INPUT MATERIAL –
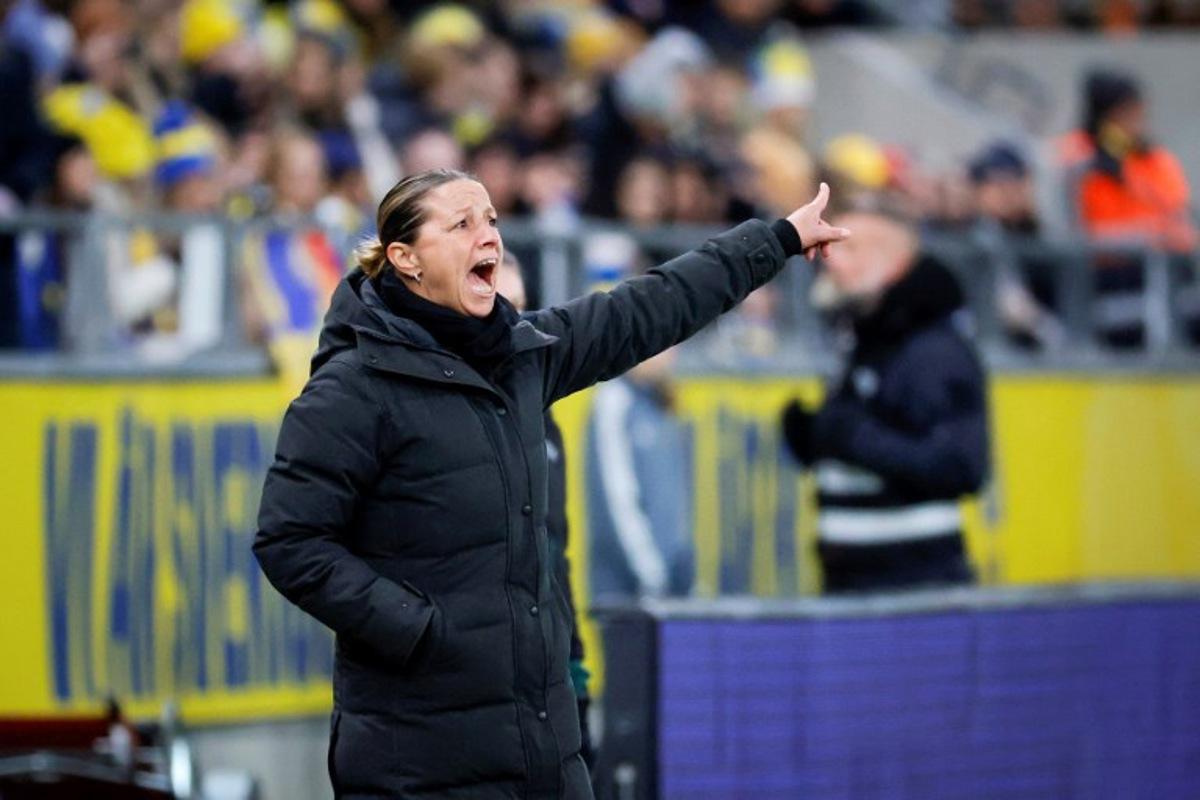Switzerland's German head coach Inka Grings gestures on the sidelines during the UEFA Women's Nations League group A4 football match Sweden vs Switzerland in Gothenburg, Sweden, on October 27, 2023. Adam IHSE / TT NEWS AGENCY / AFP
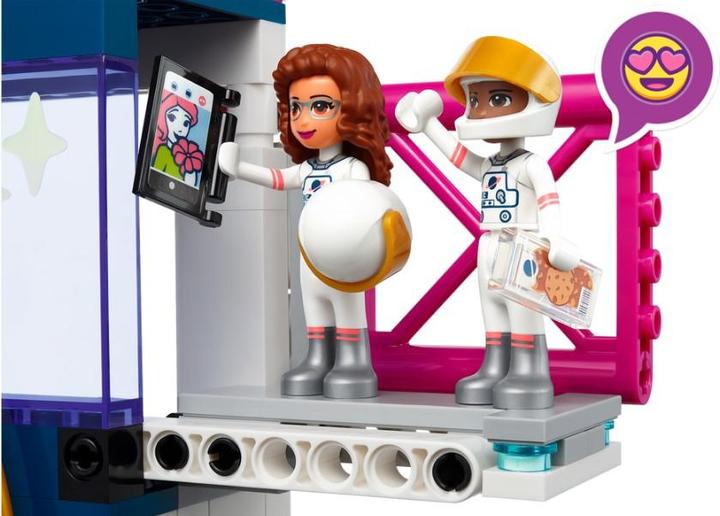Actual product image LEGO Olivia's Space Academy (41713, LEGO Friends)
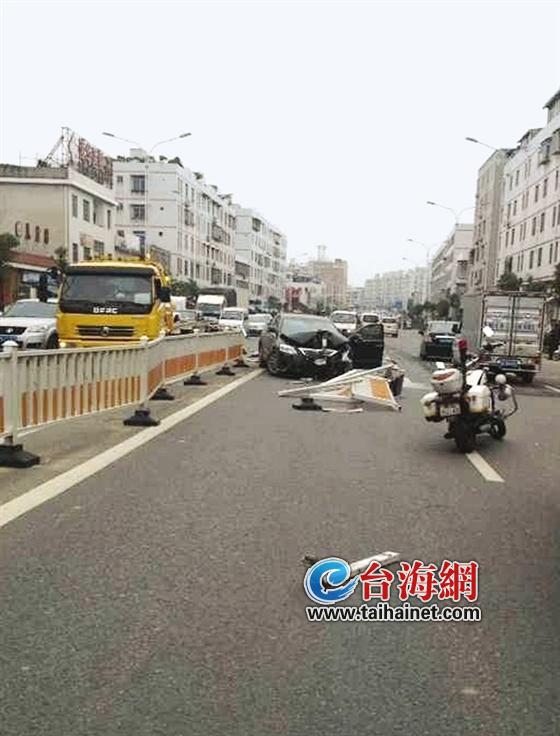漳州市区漳华路福利院门口一轿车撞毁30米护栏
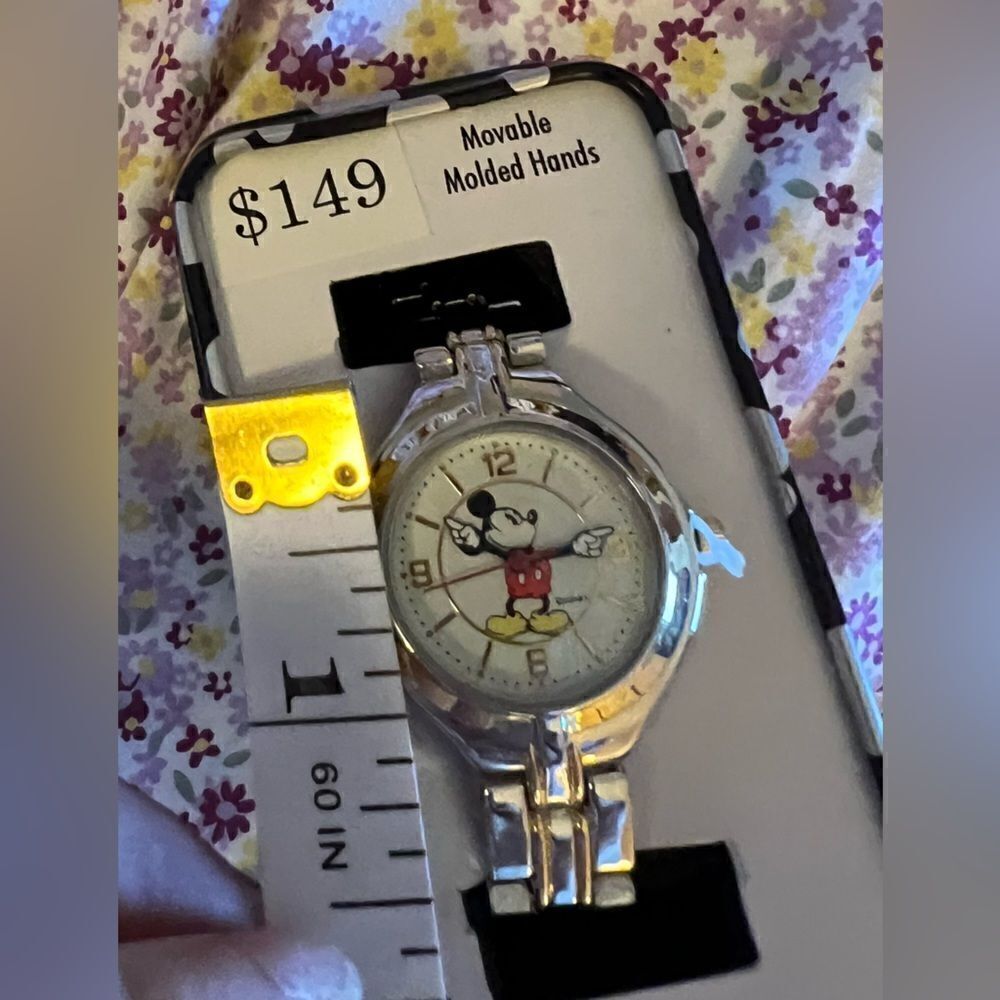 NEW Disney Mickey Mouse watch, plastic ties never cut, presentation box! - Picture 5 of 8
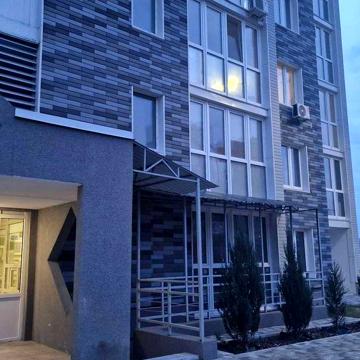 Продам однокімнатну, новий будинок, поруч м. Харківська. Від власника. ЖК Ревуцький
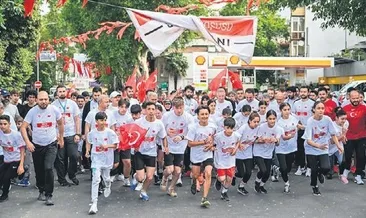 15 Temmuz şehitleri için koştular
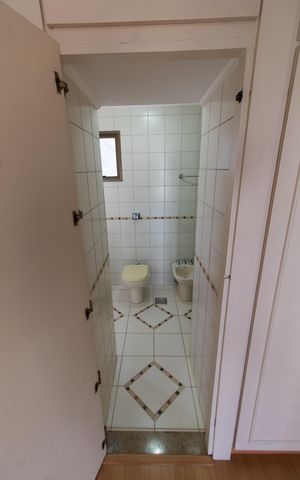 Apartamento à venda com 156m², 3 quartos e 1 vaga Apartamento à venda com 156m², 3 quartos e 1 vagaBanheiro da Suíte
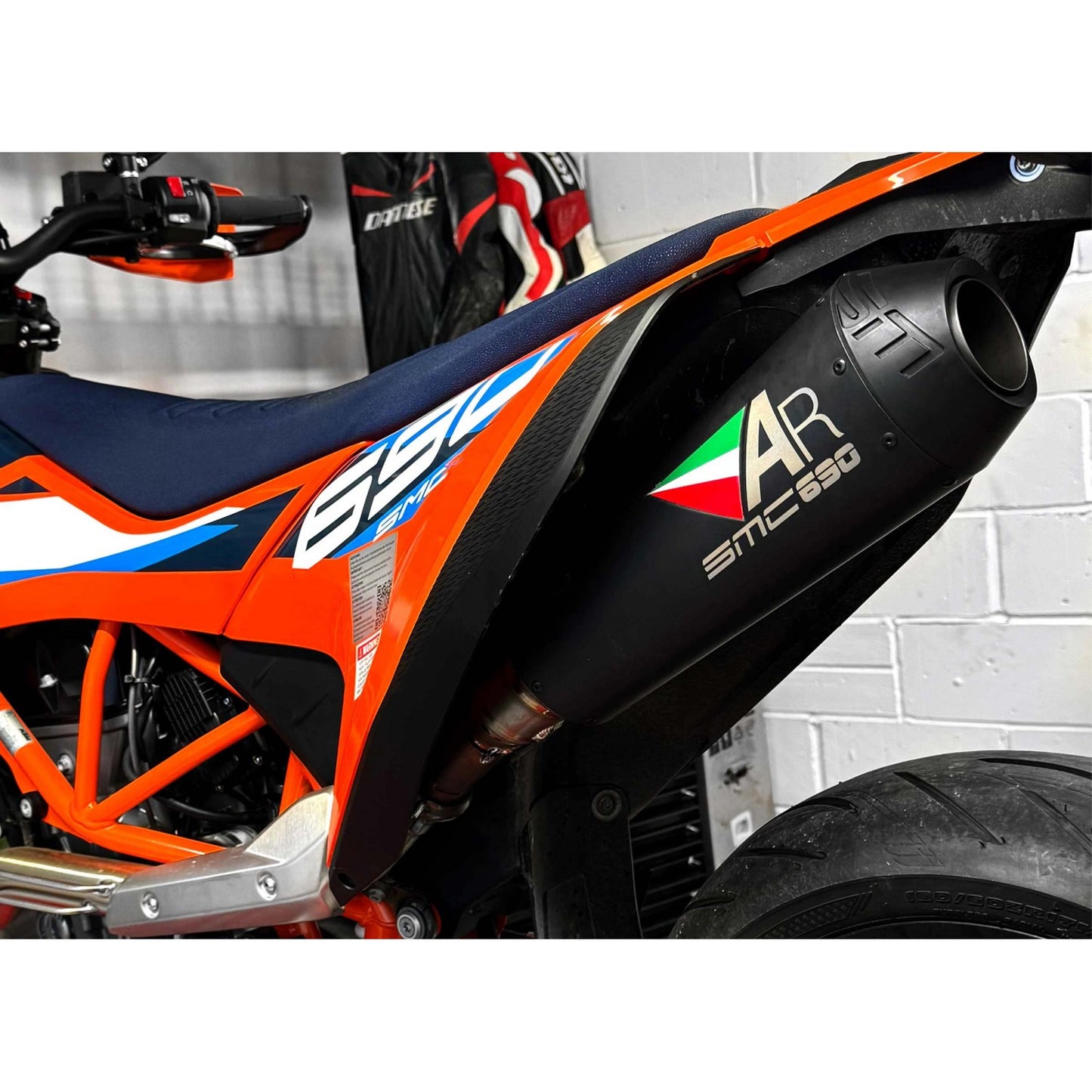 AUSTIN RACING SISTEMA DE ESCAPE DE COMPETICIÓN SLIP-ON KTM 690 SMC R 2019-25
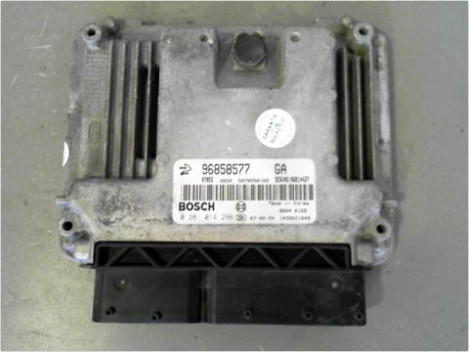 CALCULATEUR MOTEUR OPEL ANTARA 07-10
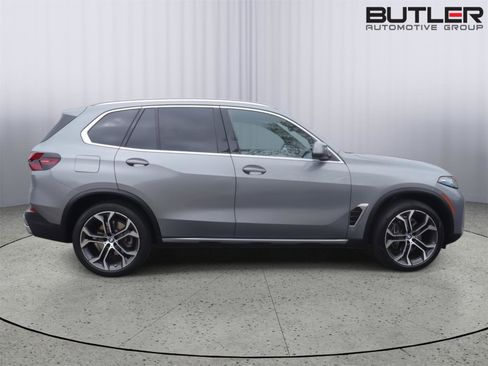 Used 2024 BMW X5 sDrive40i w/ Premium Package RWD image 8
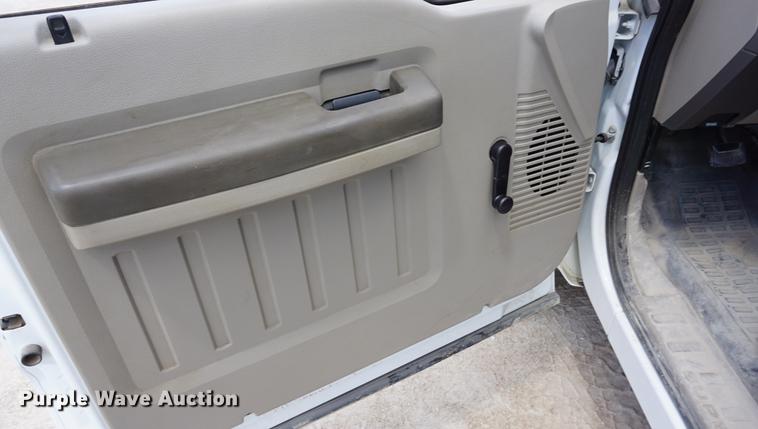 image for item DD7714 2010 Ford F350 Super Duty pickup truck cab and chassis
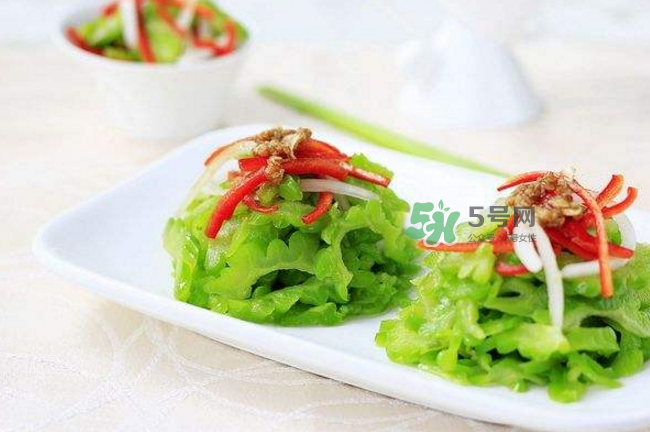 涼拌苦瓜怎么做不苦？苦瓜不苦了還有功效嗎？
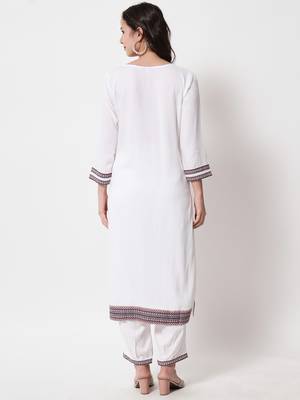 MATINE Women White Cotton Kurta and Salwar Sets  3
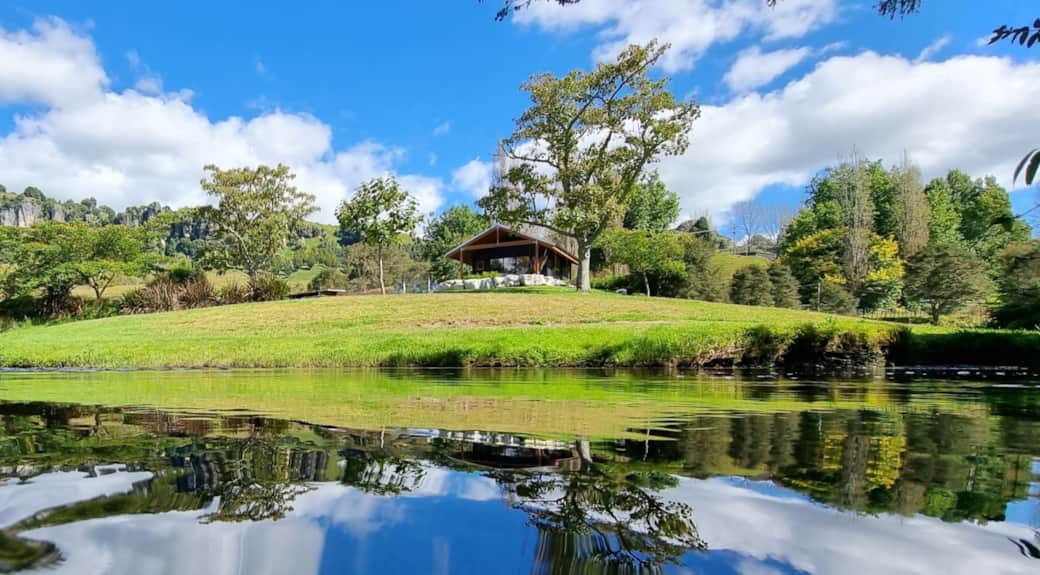 Luxury riverside cabin with king bed, outdoor bath & kayaks – ideal for couples or families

WHAT YOU ARE ASKED TO DO –
Nothing in the entries above should change when they are printed again, except that the pictures are dropped.

OUTPUT OF THE EXERCISE –
Switzerland's German head coach Inka Grings gestures on the sidelines during the UEFA Women's Nations League group A4 football match Sweden vs Switzerland in Gothenburg, Sweden, on October 27, 2023. Adam IHSE / TT NEWS AGENCY / AFP
Actual product image LEGO Olivia's Space Academy (41713, LEGO Friends)
漳州市区漳华路福利院门口一轿车撞毁30米护栏
 NEW Disney Mickey Mouse watch, plastic ties never cut, presentation box! - Picture 5 of 8
 Продам однокімнатну, новий будинок, поруч м. Харківська. Від власника. ЖК Ревуцький
 15 Temmuz şehitleri için koştular
 Apartamento à venda com 156m², 3 quartos e 1 vaga Apartamento à venda com 156m², 3 quartos e 1 vagaBanheiro da Suíte
 AUSTIN RACING SISTEMA DE ESCAPE DE COMPETICIÓN SLIP-ON KTM 690 SMC R 2019-25
 CALCULATEUR MOTEUR OPEL ANTARA 07-10
 Used 2024 BMW X5 sDrive40i w/ Premium Package RWD image 8
 image for item DD7714 2010 Ford F350 Super Duty pickup truck cab and chassis
 涼拌苦瓜怎么做不苦？苦瓜不苦了還有功效嗎？
 MATINE Women White Cotton Kurta and Salwar Sets  3
 Luxury riverside cabin with king bed, outdoor bath & kayaks – ideal for couples or families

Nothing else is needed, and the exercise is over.